(Input for this task)

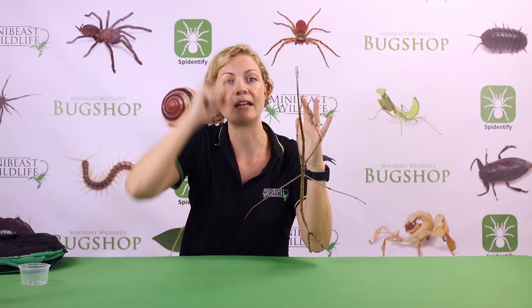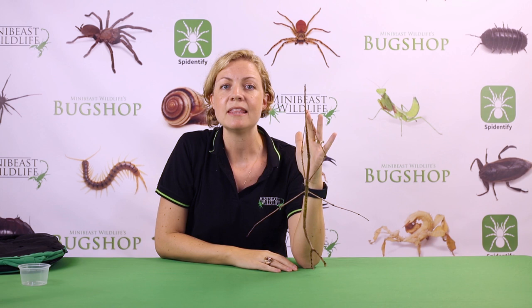These insects are considered the longest stick insects in Australia and possibly the world. The longest specimen so far measured around 58 centimeters long from the very tip of their circe to the tip of their front legs.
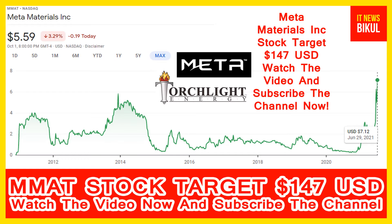Hello friends, today I have taken a very good stock for you that will give you very good returns in coming days. That stock is Meta Materials Incorporation stock — MMAT stock. MMAT stock closed at $5.59 USD level on 5th October. If you want, you can invest now in MMAT stock and earn good profit in coming days.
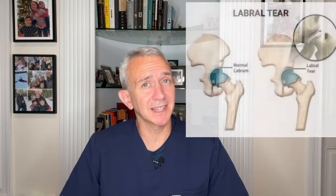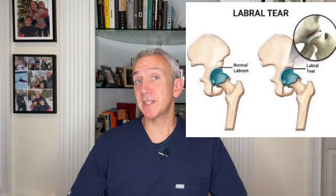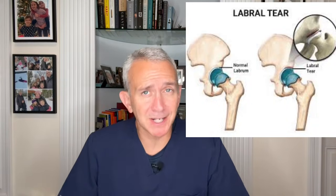In this video we are going to go over the top treatments for a tear in the labrum of the hip, from physical therapy to the pros and cons of steroid injections, regenerative medicine, surgery, and much more. Hello, this is Dr. Grant Cooper from Princeton Spine and Joint Center.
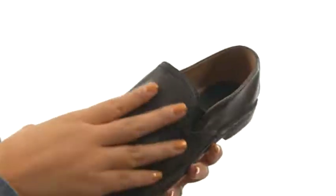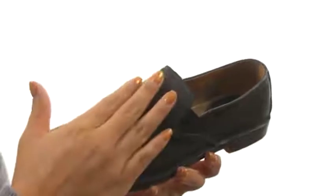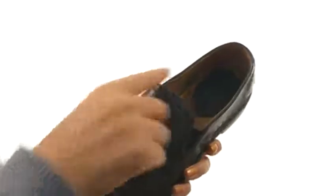Here we have a nice Italian leather upper in a relaxed silhouette. There's an easy slip-on construction with goring on the sides for a comfortable fit.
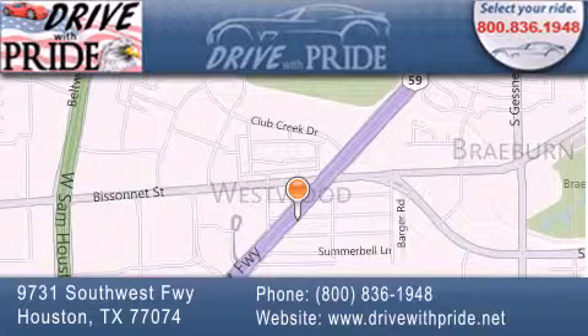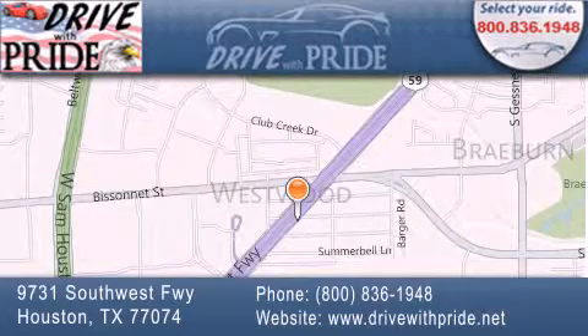If you have any questions, please visit our website, give us a call, or stop by our dealership. We are conveniently located at 9731 Southwest Freeway between Bisonette and Beltway 8. We look forward to serving you!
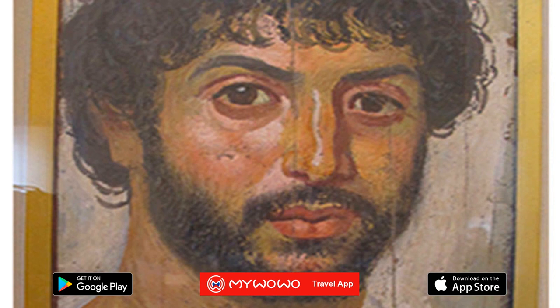The importance of these portraits lies not only in their marked realism, but also in the fact that they are among the best preserved examples of ancient painting. These portraits of rare beauty were placed on mummies between 100 and 300 AD, when Egypt was under Roman rule.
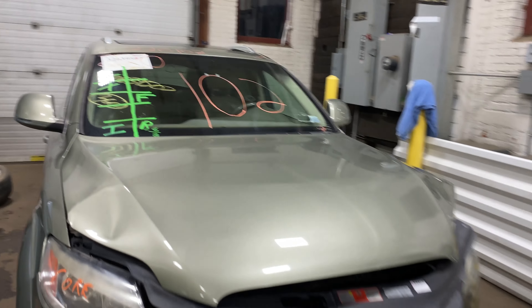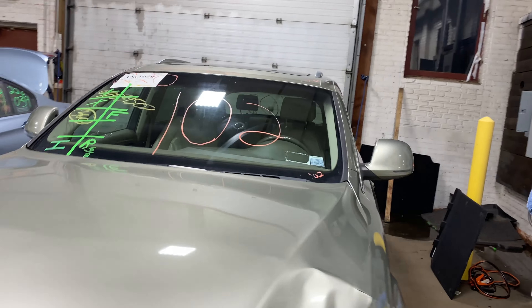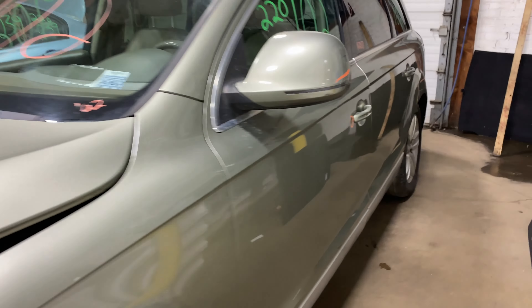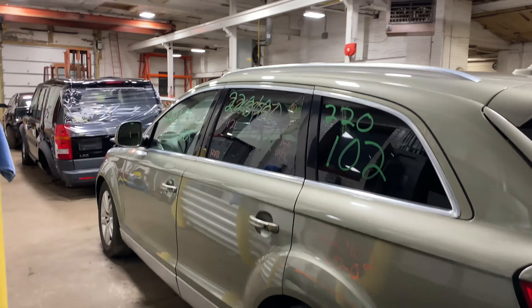Welcome to Tom Sawyer Auto Parts Video Inventory. Today stock number 220102. We do have a 2007 Audi Q7, 122,000 miles on that eight cylinder 4.2 liter. It did come to us from local auction from a recent collision.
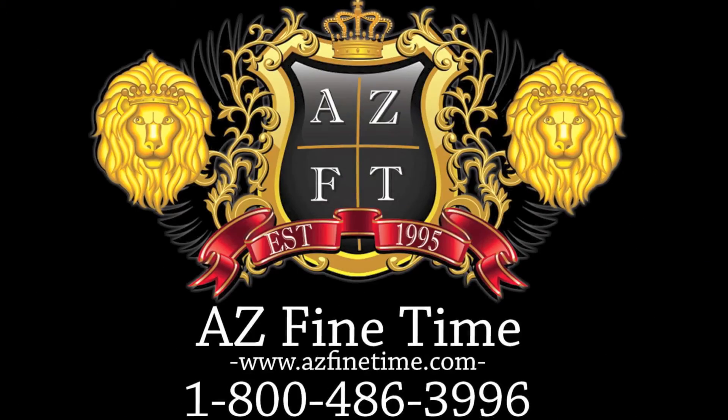Of course, everyone knows the original Orange Monster had incredible luminescence, and these new Superior Limited Editions are no exception. The lume on this is incredibly powerful and absolutely gorgeous at night.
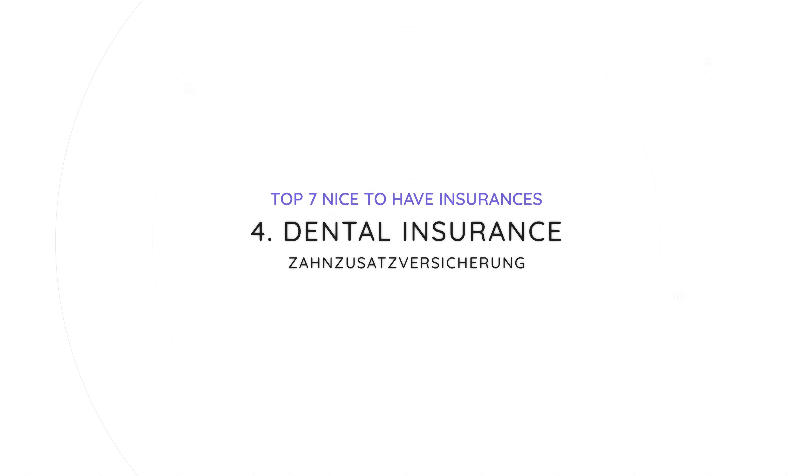Number four is dental insurance, or Zahnzusatzversicherung. The important word here is 'Zusatz,' because it is an additional insurance on top of your public health insurance. This one only makes sense if you have public health insurance — if you have private health insurance, skip this section as you don't need it. In the statutory public health insurance, dentistry is not covered very well and only the basics are included. It's very expensive if you want any dental work done, so if you tend to have bad teeth as you grow older, this is definitely an insurance to consider.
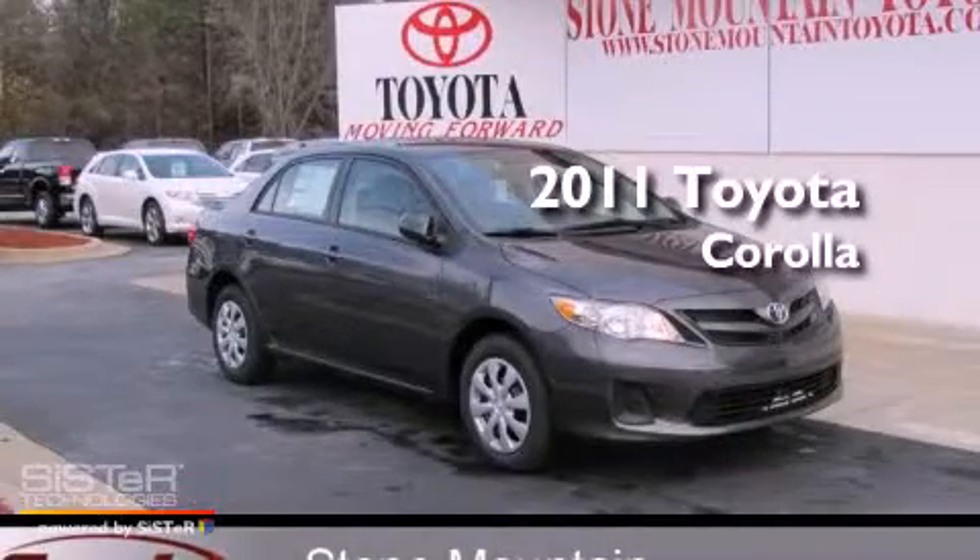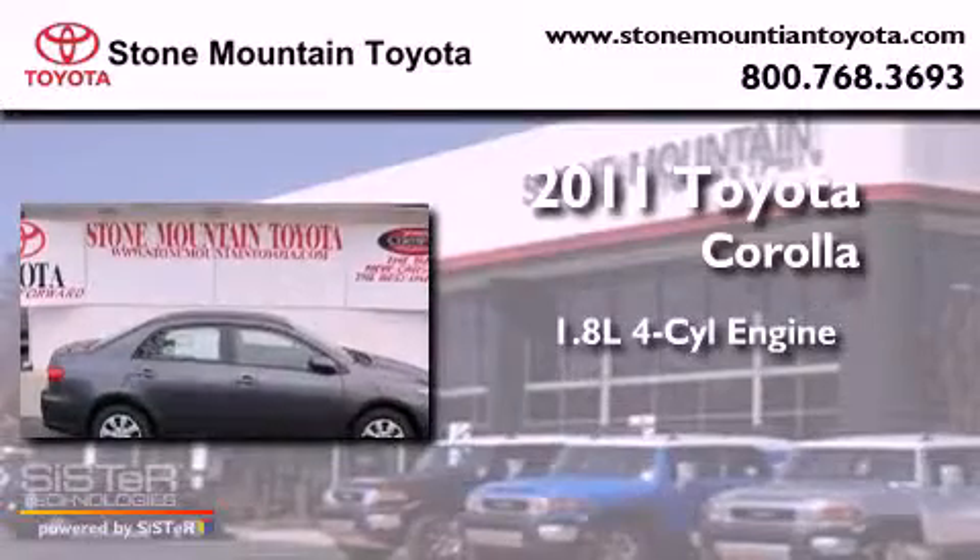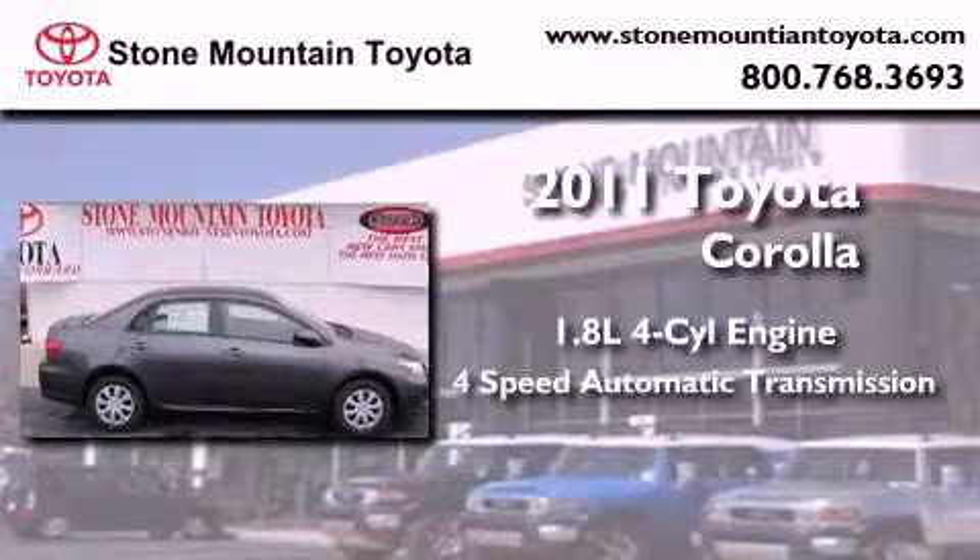This is a brand new 2011 Toyota Corolla. It has a 1.8-liter 4-cylinder engine and a 4-speed automatic transmission.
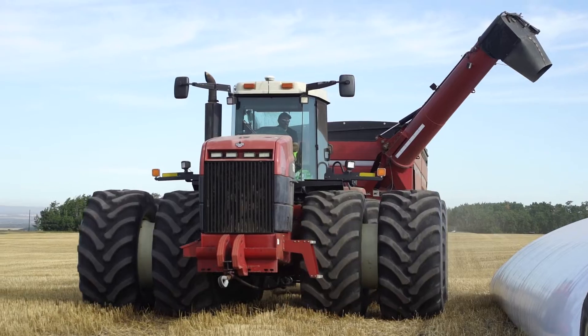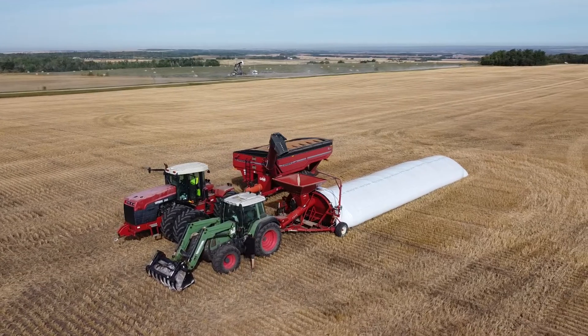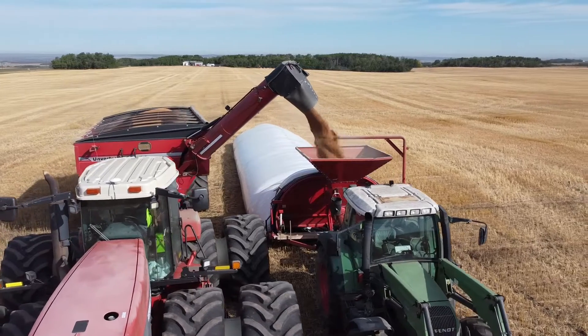My name is Vincent Pelewski. I'm a farmer and inventor of the RC Farmarm. The RC Farmarm tackles the grain bagging issue of the operator having to get in and out of the grain cart multiple times, by allowing the grain cart operator to operate all the controls he needs from the palm of his hand in the grain cart.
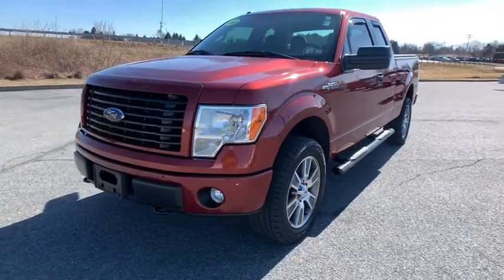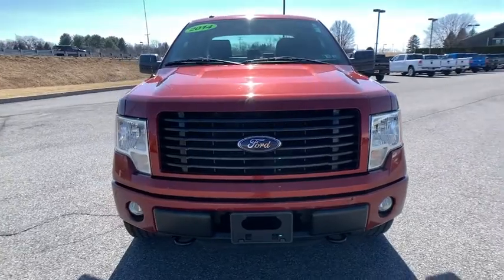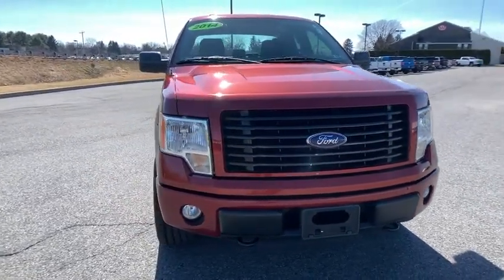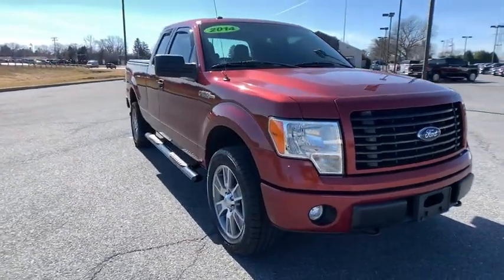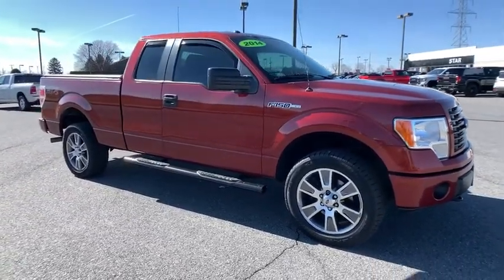Take a ride in the 2014 Ford F-150. A Ford F-150 knows how to handle any situation. It's built to follow orders. No whining. This vehicle has less than 85,000 miles.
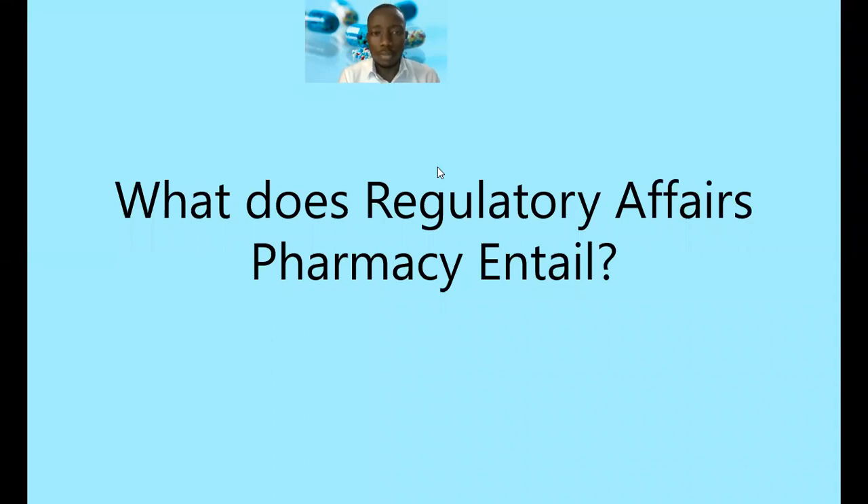On this video, I'm going to look at the role of a regulatory affairs pharmacist, working with a specific focus within the pharmaceutical industry, or even in the consumer fast-moving consumer goods, FMCG space. Because at the end of the day, the regulatory processes are kind of related in terms of what a professional would be required to do.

(End Input for this task)

Your goal
When copying from the data above, print only the lines from the line containing "Here we have" to the line containing "The importance of", exactly, and leave the pictures out.

Task solution
Here we have a nice Italian leather upper in a relaxed silhouette. There's an easy slip-on construction with goring on the sides for a comfortable fit.
If you have any questions, please visit our website, give us a call, or stop by our dealership. We are conveniently located at 9731 Southwest Freeway between Bisonette and Beltway 8. We look forward to serving you!
The importance of these portraits lies not only in their marked realism, but also in the fact that they are among the best preserved examples of ancient painting. These portraits of rare beauty were placed on mummies between 100 and 300 AD, when Egypt was under Roman rule.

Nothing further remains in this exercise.